═════ Supplied information ═════

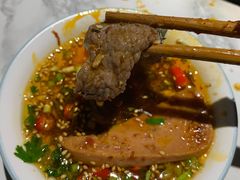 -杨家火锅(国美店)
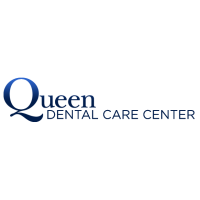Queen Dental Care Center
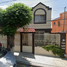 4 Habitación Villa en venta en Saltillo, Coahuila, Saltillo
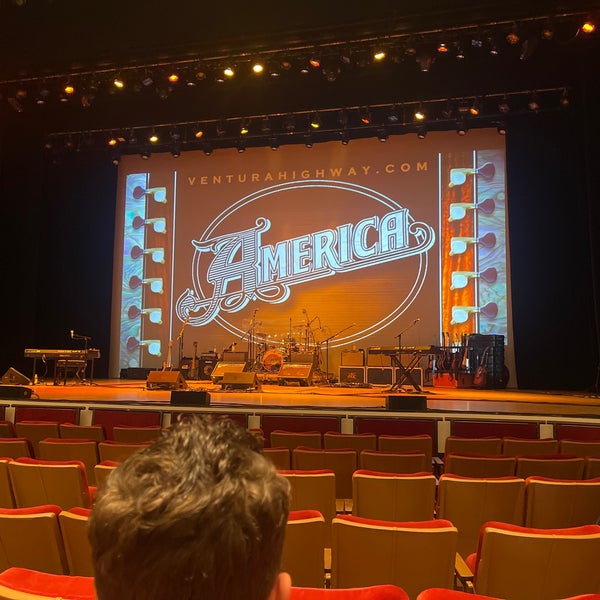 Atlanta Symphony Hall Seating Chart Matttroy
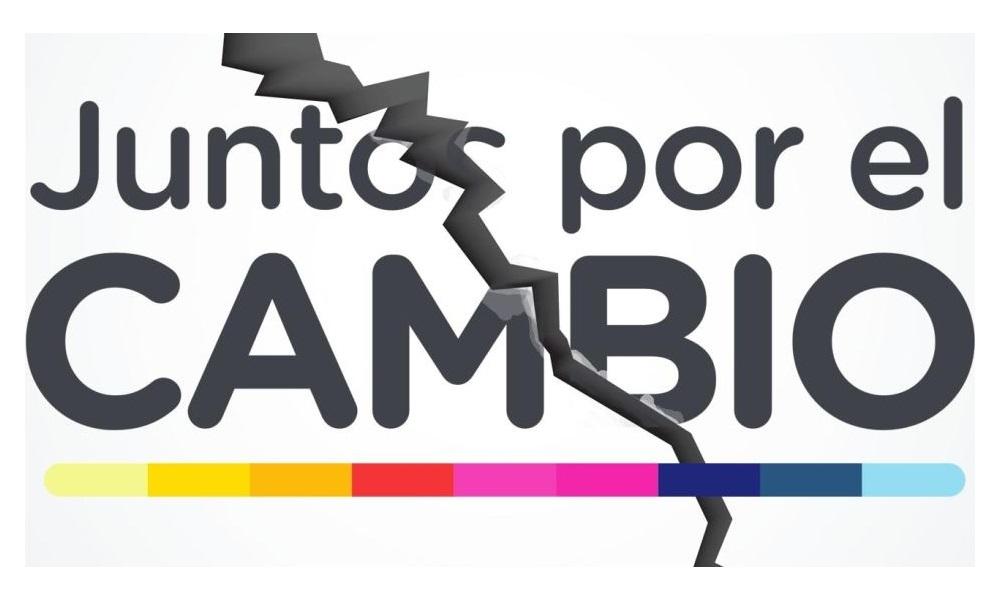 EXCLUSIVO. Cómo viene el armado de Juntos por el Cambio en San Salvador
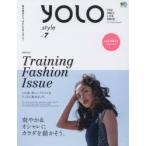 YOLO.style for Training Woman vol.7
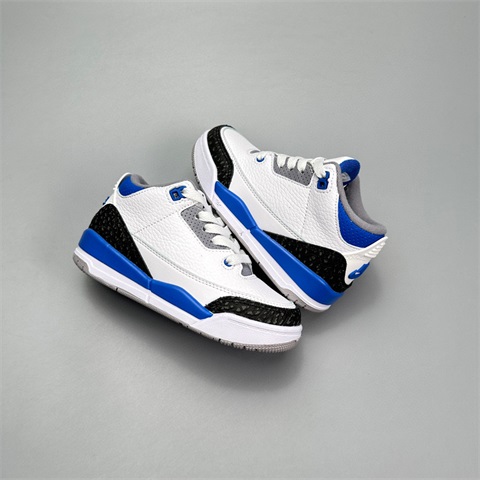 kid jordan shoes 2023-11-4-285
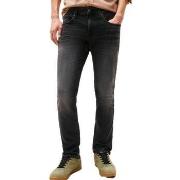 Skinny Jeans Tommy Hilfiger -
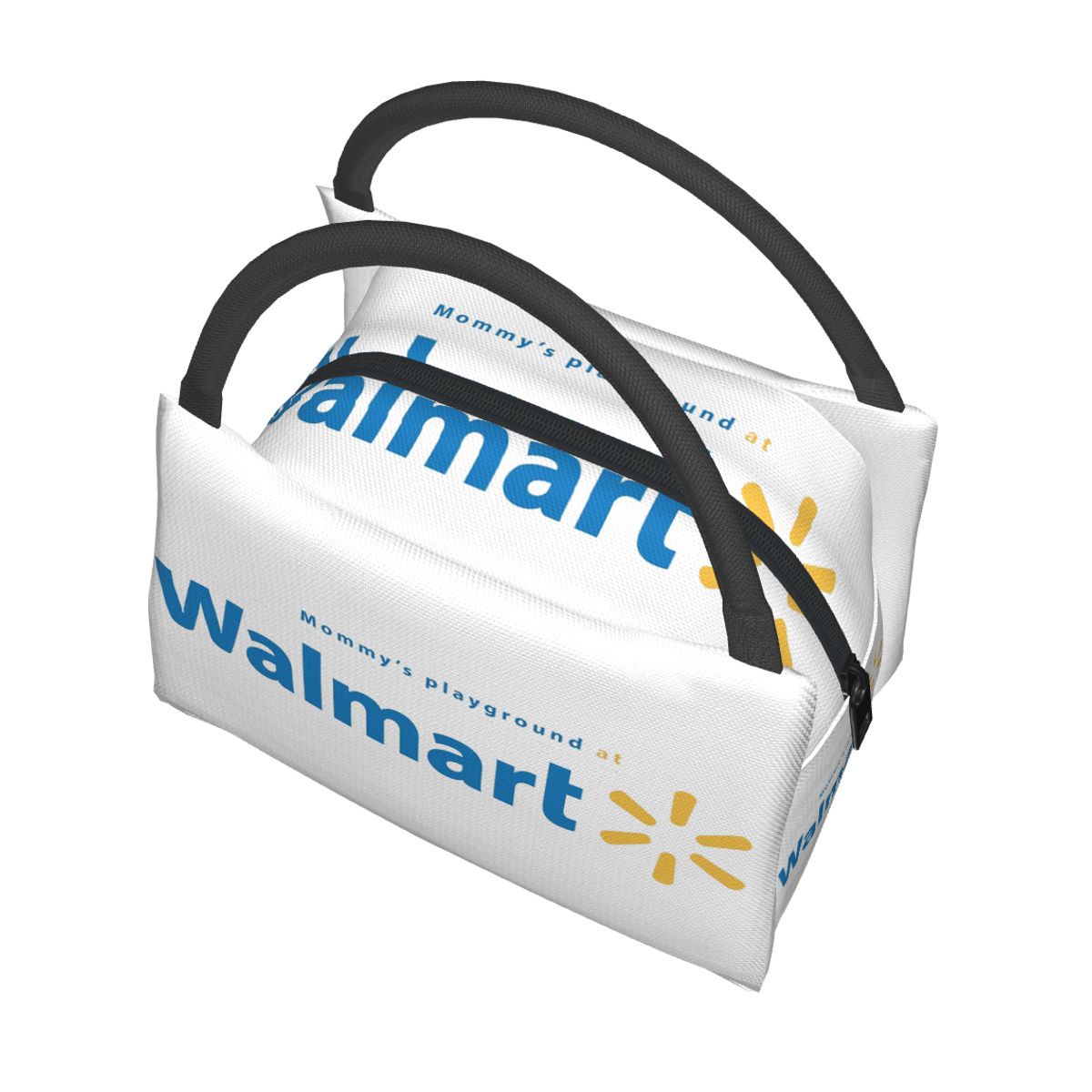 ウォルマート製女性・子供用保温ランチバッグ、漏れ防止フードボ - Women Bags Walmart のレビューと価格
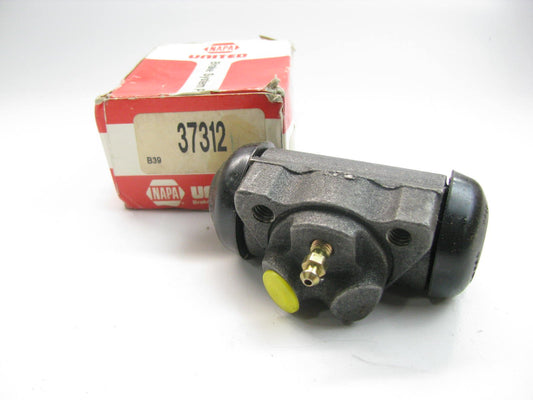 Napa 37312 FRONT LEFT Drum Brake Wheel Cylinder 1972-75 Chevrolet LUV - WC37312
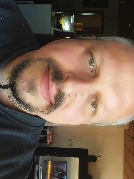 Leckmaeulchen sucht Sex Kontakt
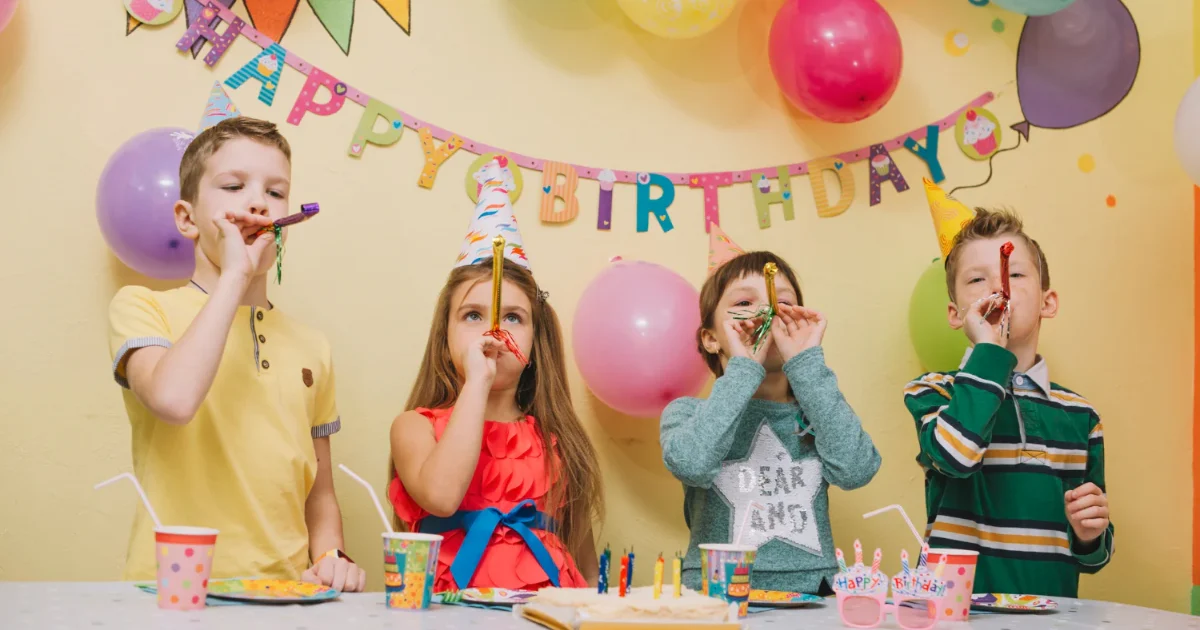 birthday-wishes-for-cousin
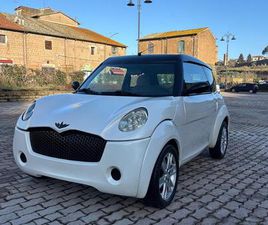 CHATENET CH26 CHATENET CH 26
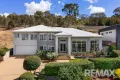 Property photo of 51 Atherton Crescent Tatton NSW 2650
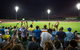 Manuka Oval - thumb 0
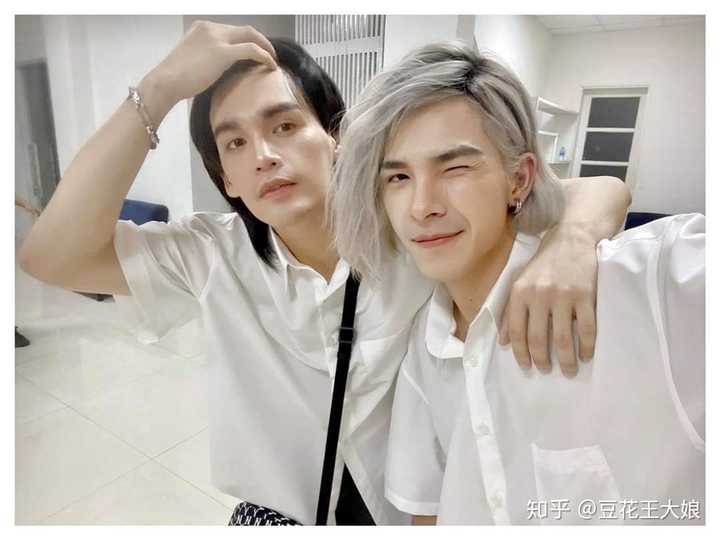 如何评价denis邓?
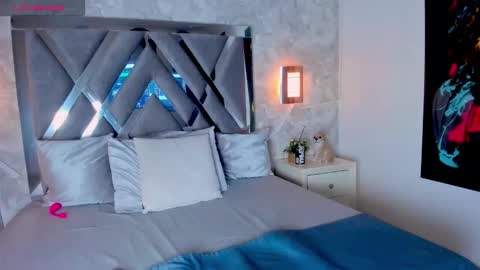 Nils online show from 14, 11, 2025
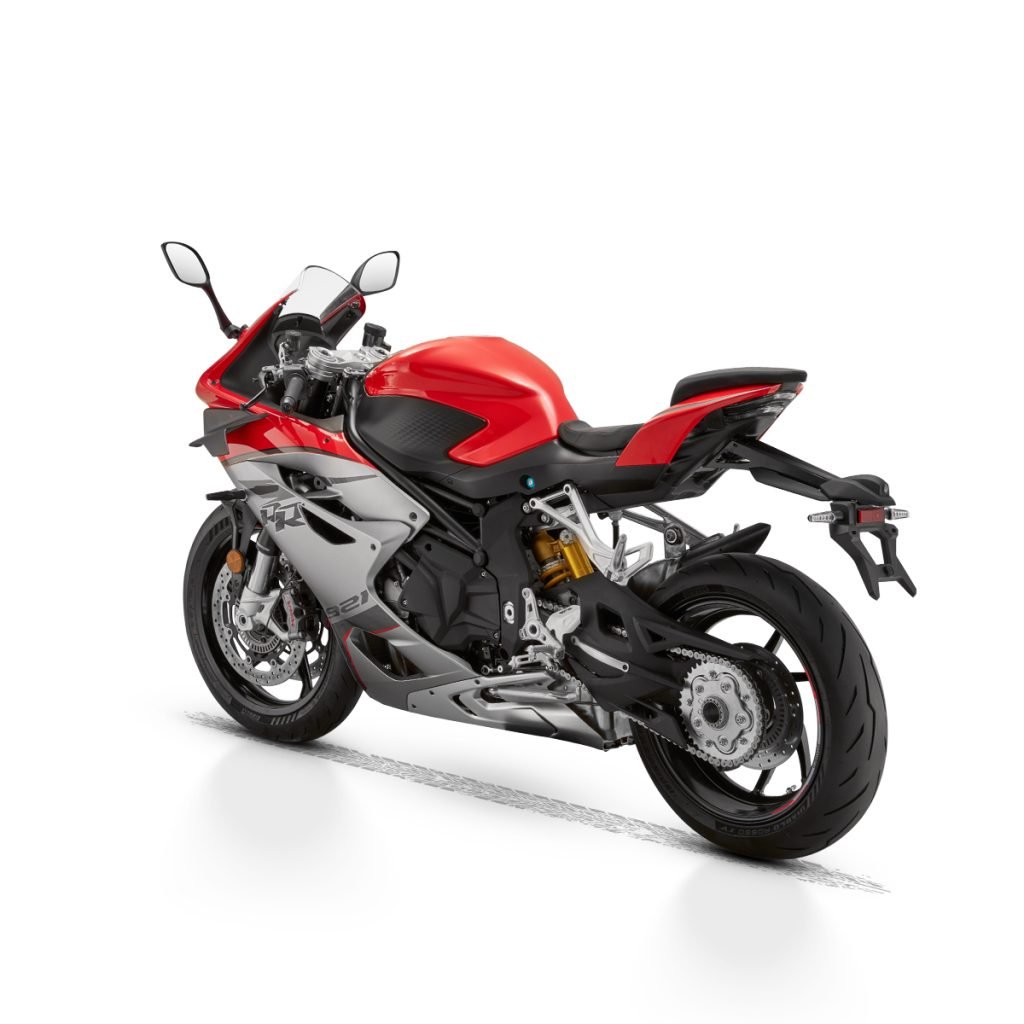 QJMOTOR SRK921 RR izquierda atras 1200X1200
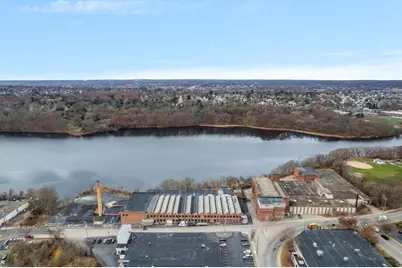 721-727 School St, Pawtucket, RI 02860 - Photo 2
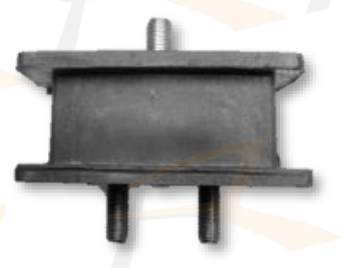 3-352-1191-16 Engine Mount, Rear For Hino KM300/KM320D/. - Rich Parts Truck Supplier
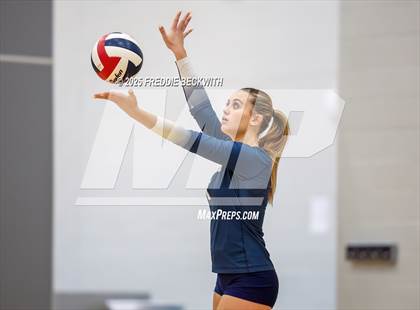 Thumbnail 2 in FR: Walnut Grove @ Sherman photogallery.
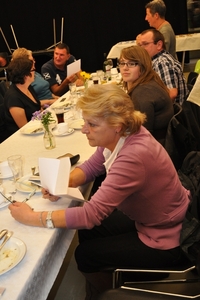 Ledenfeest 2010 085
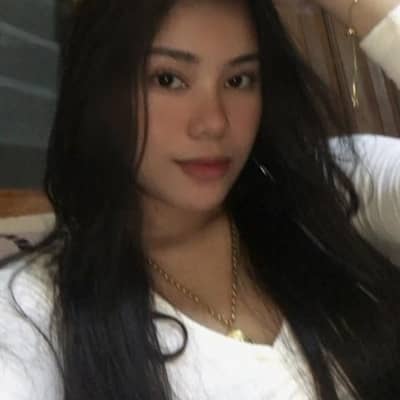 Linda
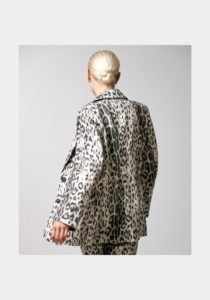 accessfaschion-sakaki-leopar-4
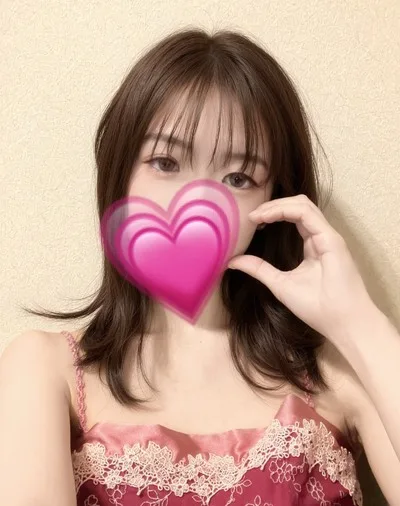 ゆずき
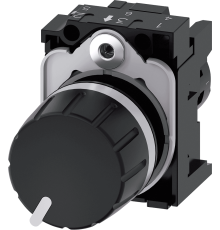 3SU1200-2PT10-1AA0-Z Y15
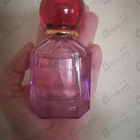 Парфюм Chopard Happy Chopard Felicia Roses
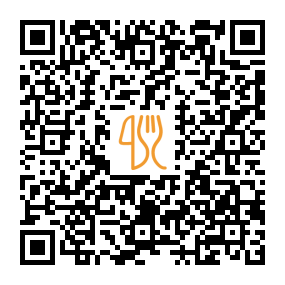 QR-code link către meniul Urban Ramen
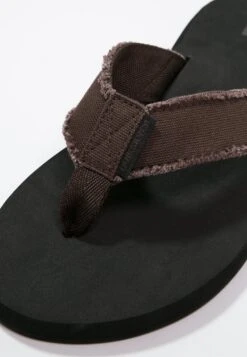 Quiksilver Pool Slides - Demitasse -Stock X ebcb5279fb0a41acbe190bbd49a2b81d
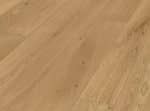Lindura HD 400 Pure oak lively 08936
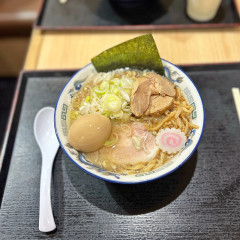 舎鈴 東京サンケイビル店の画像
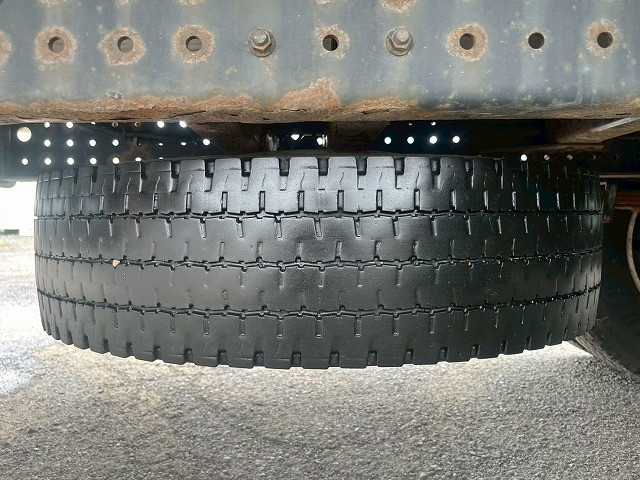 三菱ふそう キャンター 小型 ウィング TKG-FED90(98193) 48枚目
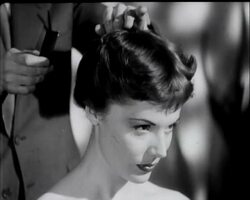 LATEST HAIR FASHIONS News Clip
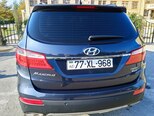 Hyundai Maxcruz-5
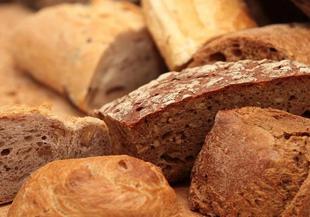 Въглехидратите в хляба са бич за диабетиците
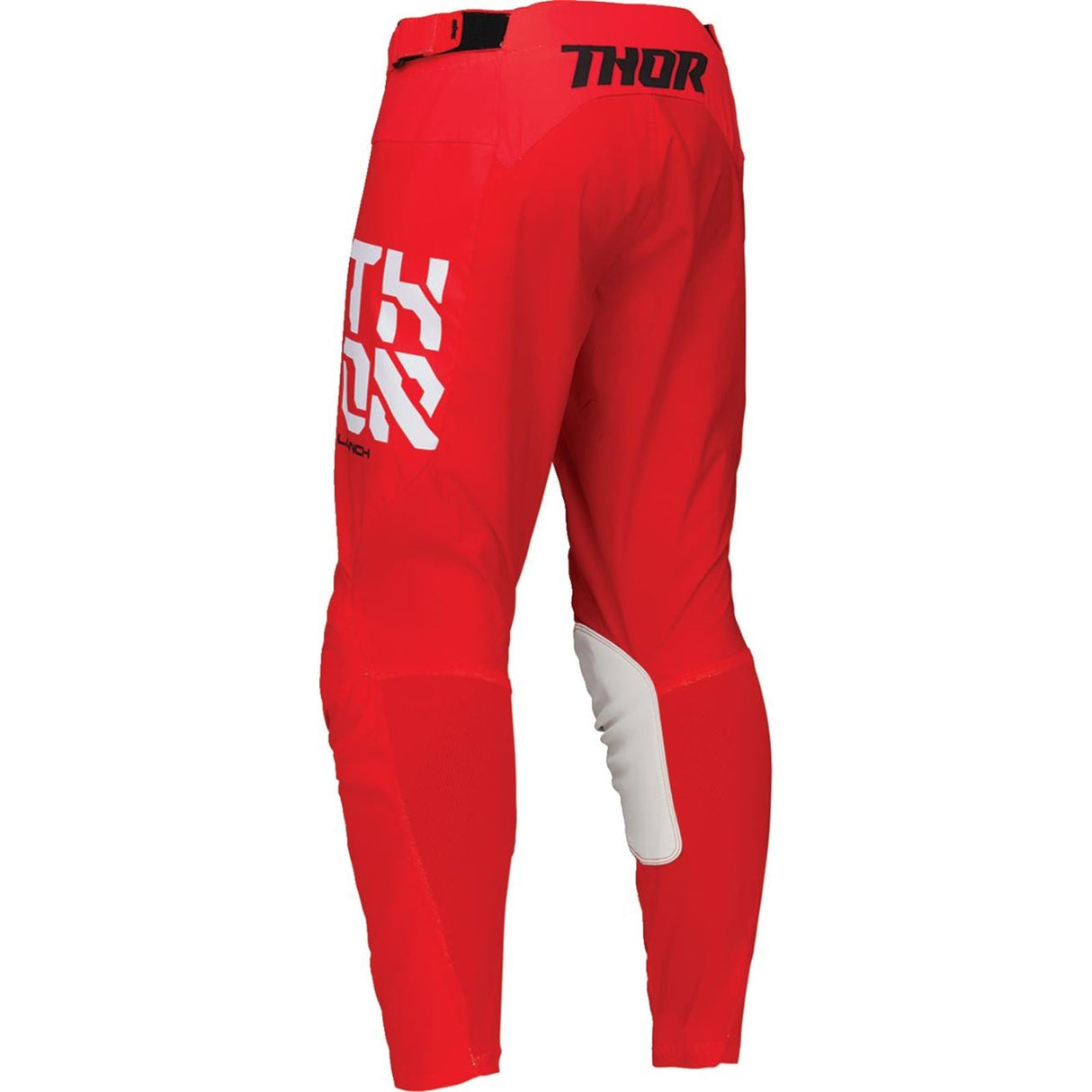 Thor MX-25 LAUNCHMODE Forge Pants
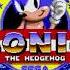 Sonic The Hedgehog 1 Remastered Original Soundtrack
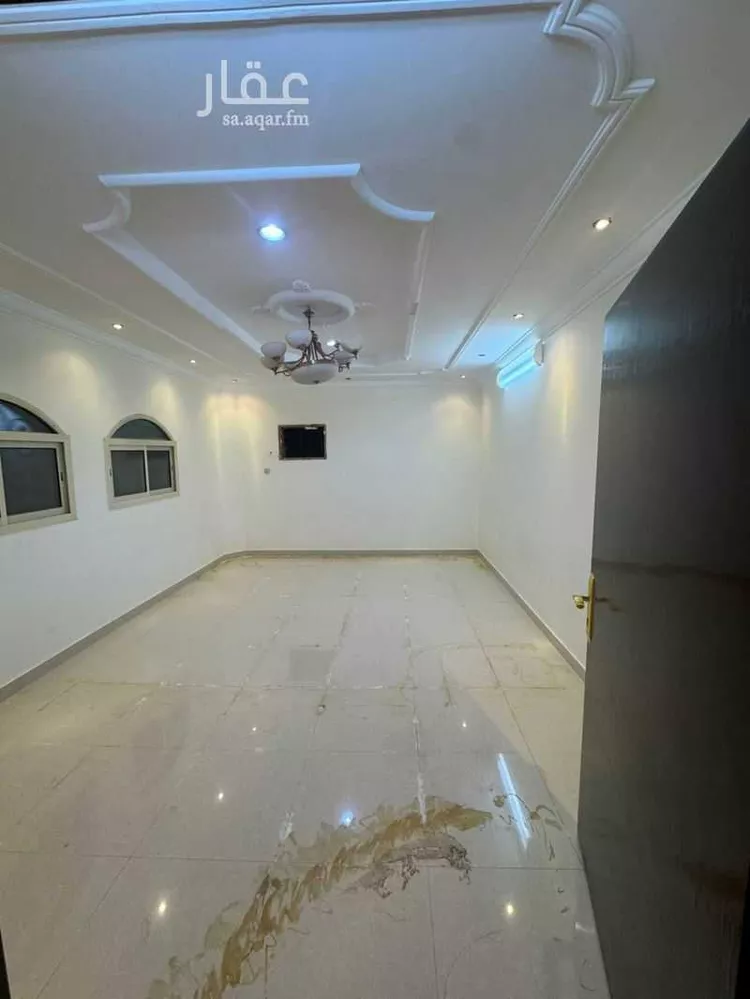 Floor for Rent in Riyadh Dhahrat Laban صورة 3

═════

[Task brief]: If a line falls between the one containing "Leckmaeulchen sucht Sex Kontakt" and the last line of the entries above, both included, reproduce it exactly; leave the pictures out.

[Answer box]:
 Leckmaeulchen sucht Sex Kontakt
 birthday-wishes-for-cousin
 CHATENET CH26 CHATENET CH 26
 Property photo of 51 Atherton Crescent Tatton NSW 2650
 Manuka Oval - thumb 0
 如何评价denis邓?
 Nils online show from 14, 11, 2025
 QJMOTOR SRK921 RR izquierda atras 1200X1200
 721-727 School St, Pawtucket, RI 02860 - Photo 2
 3-352-1191-16 Engine Mount, Rear For Hino KM300/KM320D/. - Rich Parts Truck Supplier
 Thumbnail 2 in FR: Walnut Grove @ Sherman photogallery.
 Ledenfeest 2010 085
 Linda
 accessfaschion-sakaki-leopar-4
 ゆずき
 3SU1200-2PT10-1AA0-Z Y15
 Парфюм Chopard Happy Chopard Felicia Roses
 QR-code link către meniul Urban Ramen
 Quiksilver Pool Slides - Demitasse -Stock X ebcb5279fb0a41acbe190bbd49a2b81d
Lindura HD 400 Pure oak lively 08936
 舎鈴 東京サンケイビル店の画像
 三菱ふそう キャンター 小型 ウィング TKG-FED90(98193) 48枚目
 LATEST HAIR FASHIONS News Clip
 Hyundai Maxcruz-5
 Въглехидратите в хляба са бич за диабетиците
 Thor MX-25 LAUNCHMODE Forge Pants
 Sonic The Hedgehog 1 Remastered Original Soundtrack
 Floor for Rent in Riyadh Dhahrat Laban صورة 3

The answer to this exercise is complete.